Celebrating the defeat of Niceley and others, David McIntosh, a former Indiana congressman and the School Freedom Fund president, said, “Make no mistake: if you call yourself a Republican and oppose school freedom, you should expect to lose your next primary.” 

McIntosh declined an interview request.

Abbott’s ‘white whale’

On the flip side, teachers’ unions are well-known for supporting both Democratic candidates and anti-school-choice legislation. In this political cycle, the National Education Association has spent $21,800,773, according to Open Secrets, a nonprofit that follows money in politics. The American Federation of Teachers has spent $3,949,330.

In Texas, anti-ESA Republicans earned support from a PAC funded by H-E-B grocery store chain heir Charles Butt. It threw in more than $4 million last winter, equal to what the School Freedom Fund spent to oppose a dozen Republicans who blocked Abbott’s voucher legislation.

Voters have rewarded the Freedom Fund’s efforts: Over the past few months, they’ve sent more than a dozen anti-ESA lawmakers packing. Abbott has persuaded a handful of others to retire rather than face difficult primaries. 

Yass, the TikTok billionaire, has contributed more than $12 million in this political cycle, while Miriam Adelson, owner of the Las Vegas Sands casinos, has spent about $13 million, making the pair — residents of Pennsylvania and Nevada, respectively — Texas’ two biggest political donors.

School choice backers hope that kind of support ultimately results in a win for ESAs, a goal that has repeatedly eluded Abbott. 

Jon Taylor, a political scientist at the University of Texas at San Antonio, joked that ESAs have become Abbott’s “white whale,” one of the few legislative wins he can’t seem to earn.

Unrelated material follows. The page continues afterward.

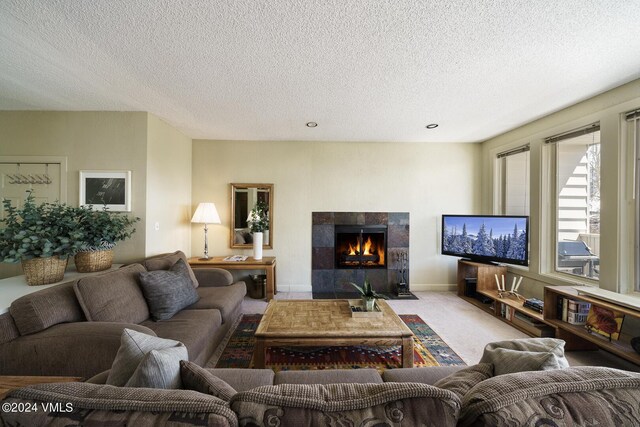 carpeted living room with a fireplace and a textured ceiling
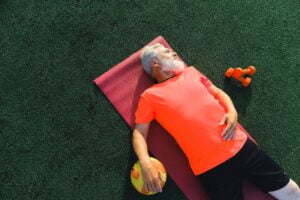 man lying flat on mat | Kegel Exercises for men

Jones, the Rice political scientist, noted that several red-leaning states, including Florida, Georgia and Arizona, have ESAs. Texas Republicans have enjoyed a unified government since 2003, he said, creating a kind of “dissonance” between Texas’ perception as the most conservative state and Abbott’s inability to seal the deal.

It is possible, even after all the craziness … that you've got a situation where Abbott may not get his vouchers after all.

Mark P. Jones, Rice University

While the financial support of Yass and groups like the School Freedom Fund may seem unprecedented, Jeanne Allen of the Center for Education Reform, said it merely serves to counterbalance “the enormously, humongously large coffers” of teachers’ unions and the educational establishment.

“The choice movement support, even with lots of wealthy people, pales in comparison to the tens of millions of dollars, hundreds of millions of dollars of in-kind and financial support that the unions put into legislative races,” said Allen, who also directs the Yass Foundation. She called the development “obviously overdue.”

Allison said he opposed Abbott’s plan because Texas families already have many options, from magnet schools to charters to a Public Education Grant program that lets students in low-performing schools transfer out. Lawmakers, he said, have approved countless programs that provide “choice on top of choice on top of choice” within districts.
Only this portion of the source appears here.